> **Exercise goal**
Although the records contain pictures, none belong in the copy: restate word for word only the lines from the one with "Hala Metal Desk" through the one with "Itinéraire Circuit autour", both included.

> **Dataset entries**
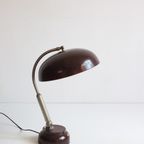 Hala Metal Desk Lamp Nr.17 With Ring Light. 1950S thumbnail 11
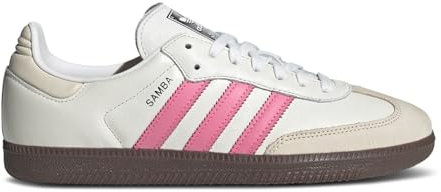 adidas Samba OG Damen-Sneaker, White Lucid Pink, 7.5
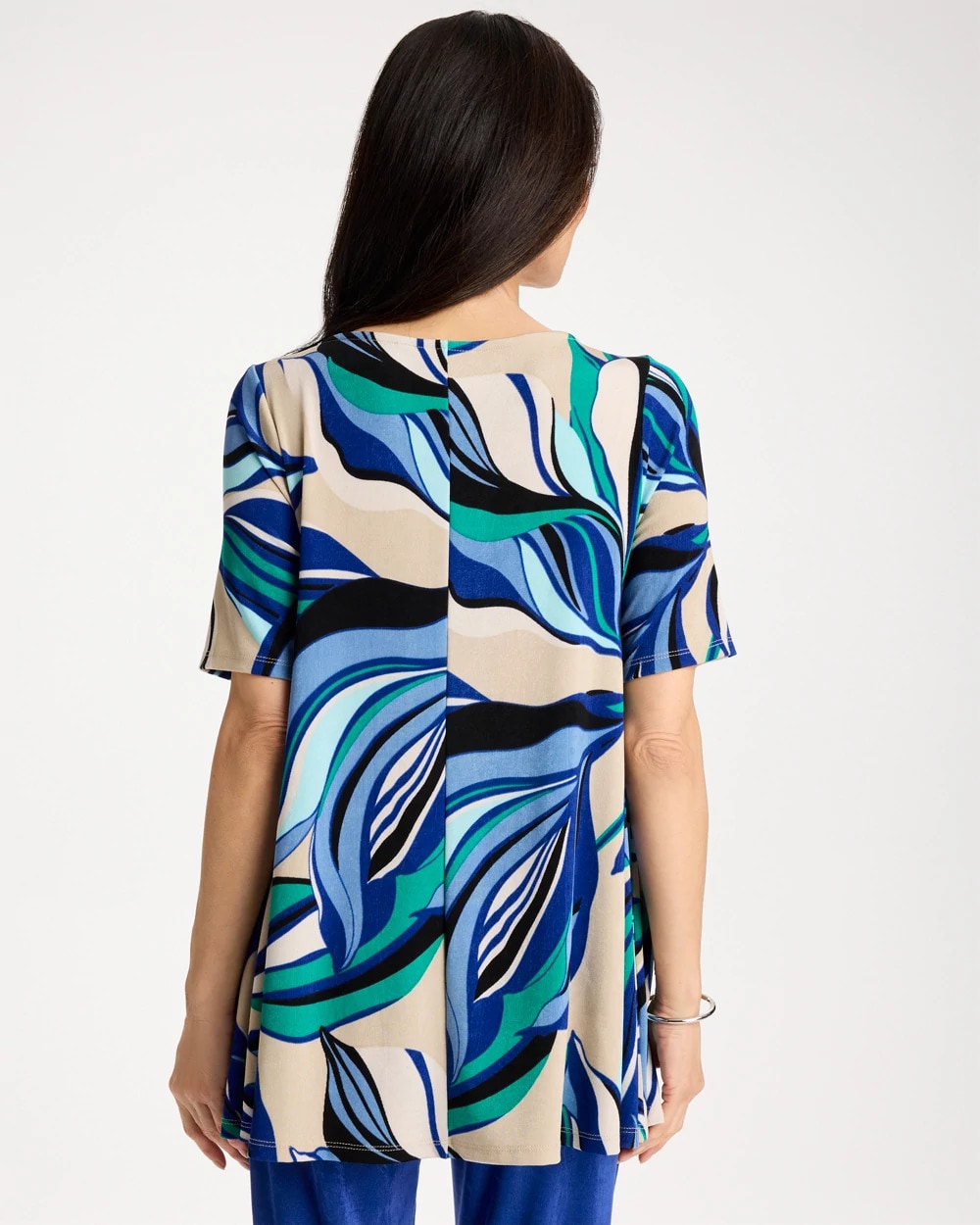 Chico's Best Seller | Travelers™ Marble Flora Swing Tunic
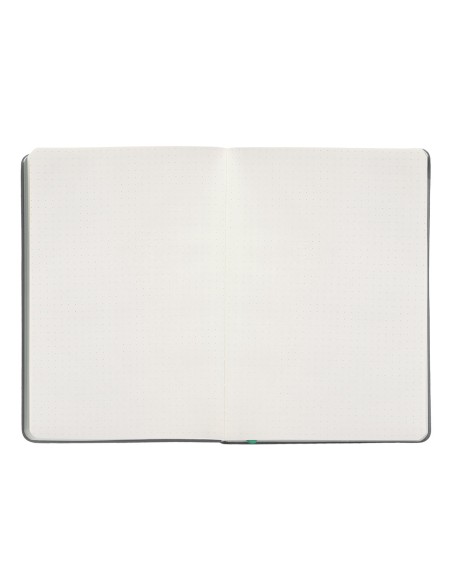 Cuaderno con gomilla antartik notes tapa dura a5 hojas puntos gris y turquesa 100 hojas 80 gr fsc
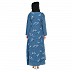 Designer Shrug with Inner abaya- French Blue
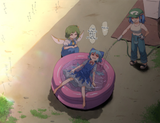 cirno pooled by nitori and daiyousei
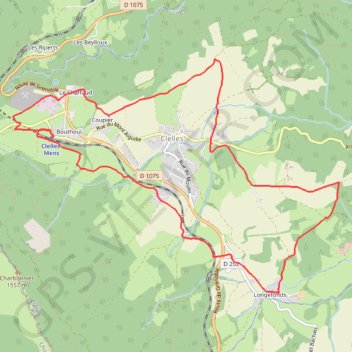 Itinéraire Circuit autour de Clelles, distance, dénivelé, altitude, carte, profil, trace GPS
--
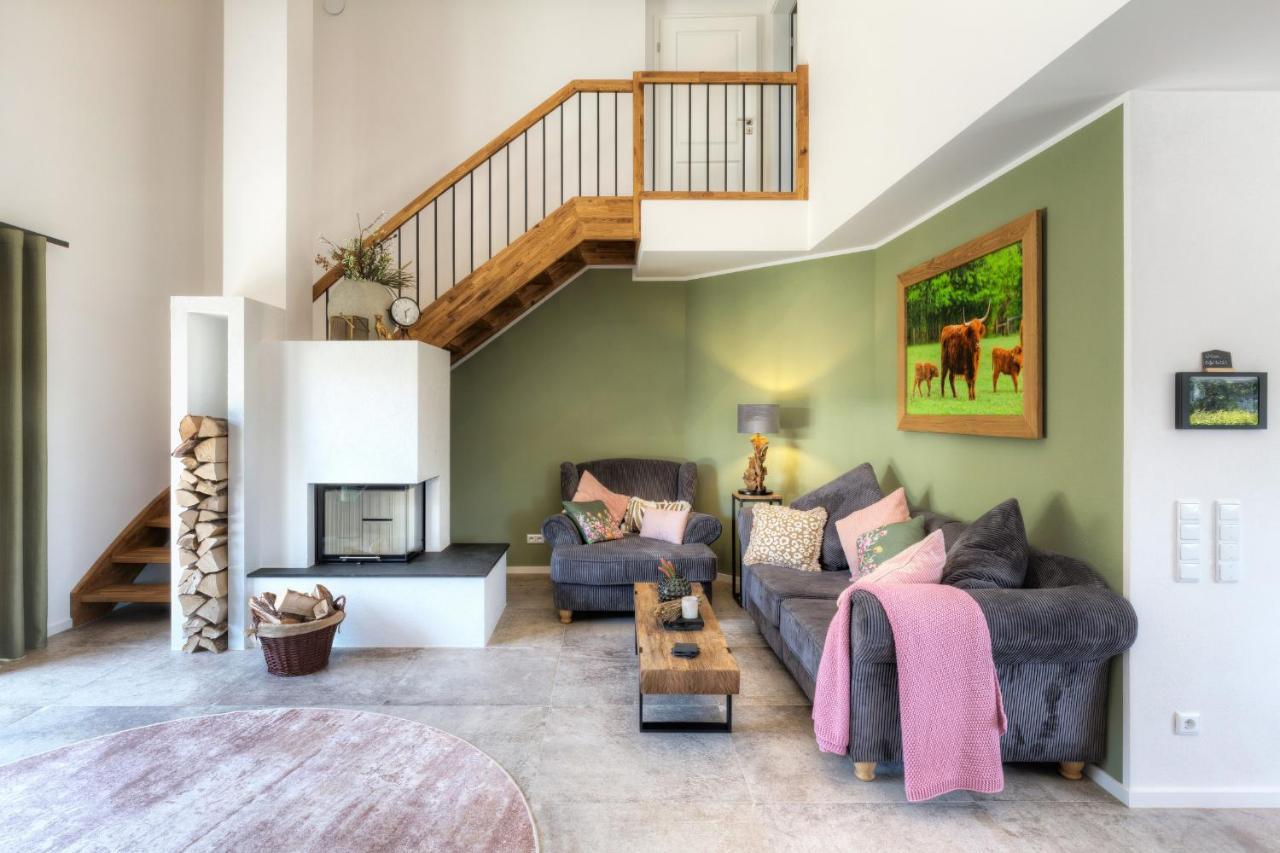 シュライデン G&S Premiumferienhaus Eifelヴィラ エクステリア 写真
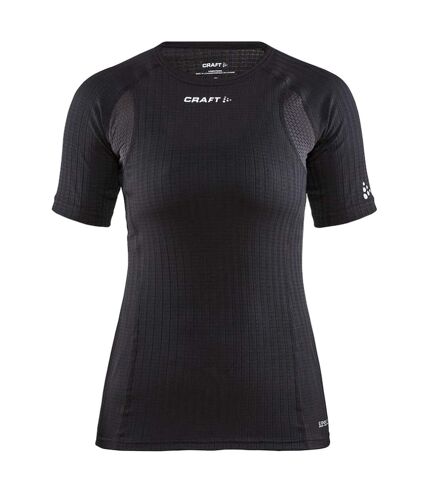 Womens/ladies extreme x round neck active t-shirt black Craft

> **Output for this task**
 Hala Metal Desk Lamp Nr.17 With Ring Light. 1950S thumbnail 11
 adidas Samba OG Damen-Sneaker, White Lucid Pink, 7.5
 Chico's Best Seller | Travelers™ Marble Flora Swing Tunic
 Cuaderno con gomilla antartik notes tapa dura a5 hojas puntos gris y turquesa 100 hojas 80 gr fsc
 Designer Shrug with Inner abaya- French Blue
 cirno pooled by nitori and daiyousei
 Itinéraire Circuit autour de Clelles, distance, dénivelé, altitude, carte, profil, trace GPS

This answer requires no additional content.